Data
--- --- ---
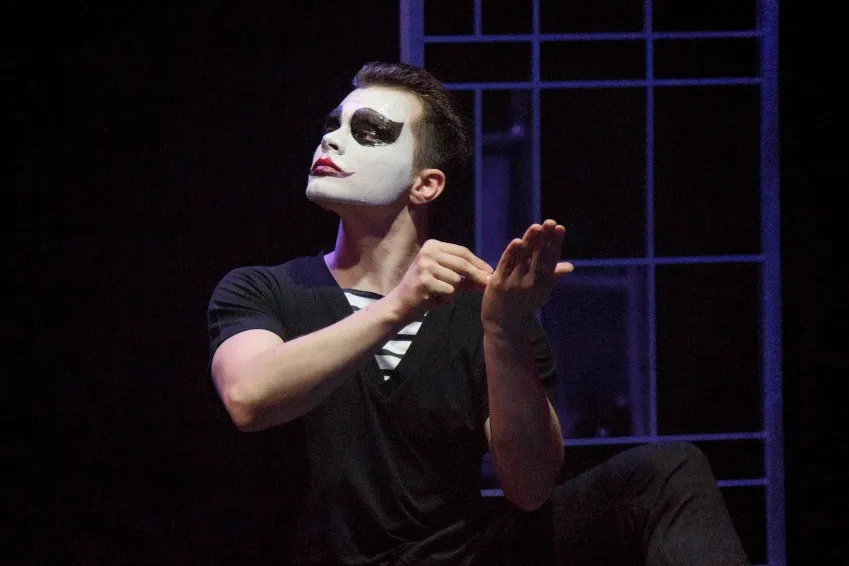 https://cdn.intickets.ru/sites/default/files/gallery_image/bc40e8ca-4f18bd81-49ebd2a3.jpg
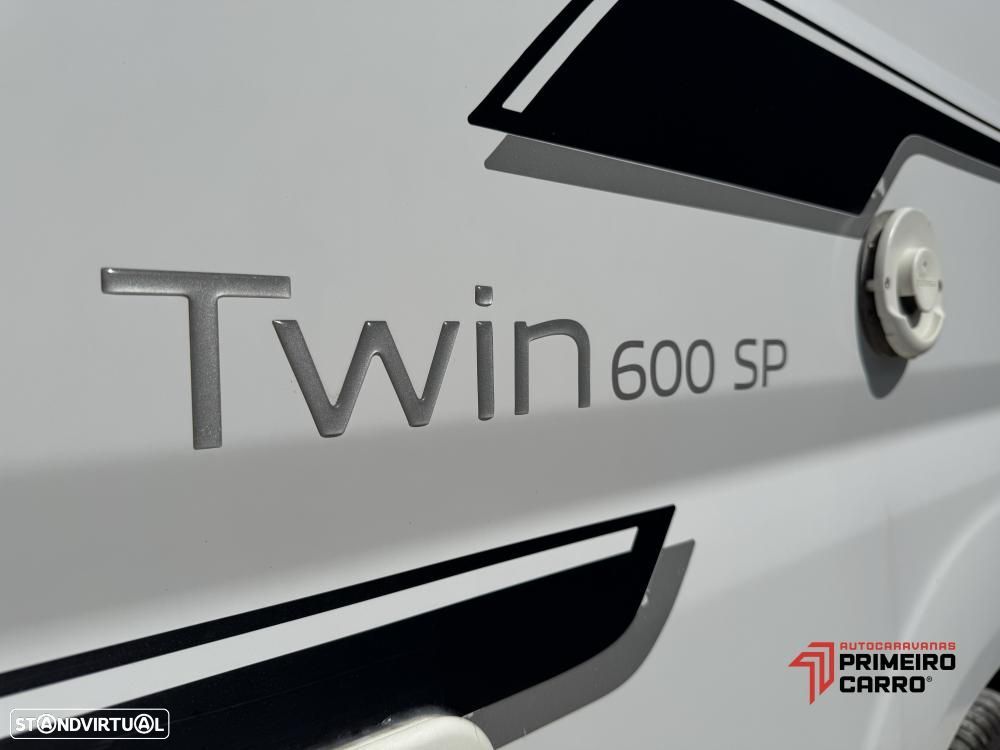 Adria Twin 600 SP cama transversal - 47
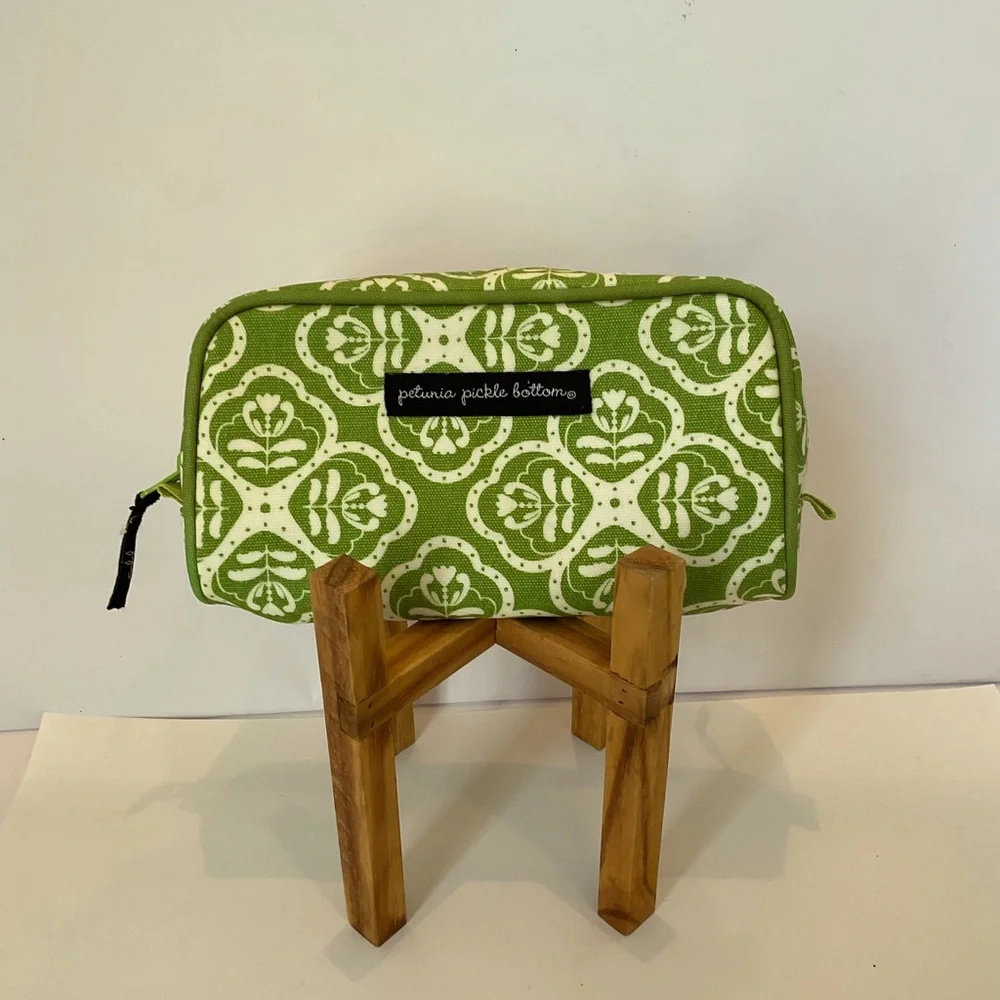 Petunia Pickle Bottom zipper bag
--- --- ---
Problem description
Copy verbatim the span that opens at the line with "Adria Twin 600 SP cama transversal - 47" and closes at the final line of the listing. Do not carry over any pictures.

Exercise response
 Adria Twin 600 SP cama transversal - 47
 Petunia Pickle Bottom zipper bag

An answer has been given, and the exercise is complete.